Mitten durch den Wald sprudelte ein rauschender, tiefer Fluss und auch sonst erwies er sich als günstiges Territorium für die Katzen. Es gab reichlich Unterschlupf, genug Beute für alle, und sie waren frei, zwischen den Bäumen, auf dem offenen Moorland und entlang des fischreichen Flusses nach Herzenslust zu jagen.
Die Katzen verteilten sich im Wald, jeweils nach ihren Vorlieben bei der Jagd und ihrer Beute. Die Fischfresser schätzten die Nähe des Flussufers, wo sie ihre Lager im Schilf und zwischen den verkrüppelten Wurzeln der Weiden einrichteten. Die Mäusejäger perfektionierten ihre Sprungtechniken im undurchdringlichen Unterholz und blieben zwischen den dichtesten Bäumen. Die Kaninchenjäger, schneller und schlanker als andere Katzen, zog es ins offene Moorland. Die Eichhörnchenjäger ließen sich im lichten Wald nieder, wo sie lernten, auf Bäume zu klettern und ihre Beute zwischen den Ästen zu verfolgen. Und jene Katzen, die Schlangen und Eidechsen und die Jagd auf sumpfigem Boden mochten, richteten sich zwischen den trockenen Grasbüscheln und den knarrenden Kiefernzweigen am äußersten Rand des Territoriums ein.
Anfangs gab es keine Grenzen und die Katzen lebten für sich in den jeweiligen Jagdgebieten. Nur wenn sie zufällig derselben Beute nachjagten, begegneten sie sich. Gelegentlich gab es Streit wegen eines Beutestücks oder eines guten Lagerplatzes, Gefechte zwischen größeren Katzengruppen kannte man jedoch nicht.

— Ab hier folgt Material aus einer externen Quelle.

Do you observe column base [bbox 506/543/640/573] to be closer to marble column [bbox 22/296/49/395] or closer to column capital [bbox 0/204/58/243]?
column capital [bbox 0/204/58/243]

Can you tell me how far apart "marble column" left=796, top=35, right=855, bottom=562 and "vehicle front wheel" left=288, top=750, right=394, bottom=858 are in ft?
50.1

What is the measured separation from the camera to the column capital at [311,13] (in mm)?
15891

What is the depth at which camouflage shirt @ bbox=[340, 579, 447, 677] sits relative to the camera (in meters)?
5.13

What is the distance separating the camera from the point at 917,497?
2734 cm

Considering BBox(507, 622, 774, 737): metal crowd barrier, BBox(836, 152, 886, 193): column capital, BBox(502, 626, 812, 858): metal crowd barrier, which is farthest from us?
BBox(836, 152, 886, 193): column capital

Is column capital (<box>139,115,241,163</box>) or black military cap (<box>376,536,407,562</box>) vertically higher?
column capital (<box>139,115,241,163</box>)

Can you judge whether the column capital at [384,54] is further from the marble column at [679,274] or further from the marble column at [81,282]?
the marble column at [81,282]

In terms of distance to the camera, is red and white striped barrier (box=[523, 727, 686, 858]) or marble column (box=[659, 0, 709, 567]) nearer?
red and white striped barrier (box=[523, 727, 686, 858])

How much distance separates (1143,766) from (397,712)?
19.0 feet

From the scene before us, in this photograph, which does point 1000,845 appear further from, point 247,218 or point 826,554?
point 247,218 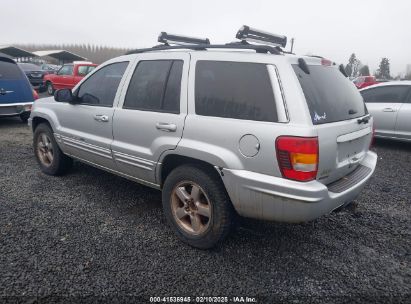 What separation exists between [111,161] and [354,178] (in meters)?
2.57

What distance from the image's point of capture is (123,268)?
259 centimetres

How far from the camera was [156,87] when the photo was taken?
3.18m

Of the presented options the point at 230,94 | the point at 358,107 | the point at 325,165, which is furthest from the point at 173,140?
the point at 358,107

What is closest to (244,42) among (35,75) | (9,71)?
(9,71)

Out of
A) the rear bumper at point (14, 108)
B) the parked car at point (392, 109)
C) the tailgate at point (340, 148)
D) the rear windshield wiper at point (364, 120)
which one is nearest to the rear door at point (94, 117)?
the tailgate at point (340, 148)

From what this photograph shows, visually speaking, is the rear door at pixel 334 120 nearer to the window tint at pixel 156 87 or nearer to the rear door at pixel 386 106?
the window tint at pixel 156 87

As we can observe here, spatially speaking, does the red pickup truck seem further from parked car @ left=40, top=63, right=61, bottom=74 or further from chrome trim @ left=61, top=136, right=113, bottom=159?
chrome trim @ left=61, top=136, right=113, bottom=159

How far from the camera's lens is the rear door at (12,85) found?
25.0 ft

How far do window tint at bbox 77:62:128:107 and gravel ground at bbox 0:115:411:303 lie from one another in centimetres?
121

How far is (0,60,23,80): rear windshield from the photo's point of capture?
7.75 metres

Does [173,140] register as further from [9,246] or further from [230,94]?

Dann kam eine Zeit, in der die Beute knapp wurde. Zu viele Mäuler mussten gestopft werden und zu viele Leiber suchten in den jeweiligen Jagdgebieten Unterschlupf. Die Streitigkeiten häuften sich, anfangs nur zwischen wenigen Katzen, aber dann wurden es immer mehr, die ums Überleben kämpften, und nicht nur für sich, sondern auch für andere Katzen, mit denen sie zusammenlebten. Nach einer entsetzlichen Schlacht an den vier großen Eichen, bei der sich die Erde rot färbte vom Blut, kehrten die Geister der gefallenen Katzen zurück und wandten sich an die stärksten Katzen eines jeden Jagdgrundes – Wind, Fluss, Donner, Schatten und Wolken –, um Frieden zu erbitten.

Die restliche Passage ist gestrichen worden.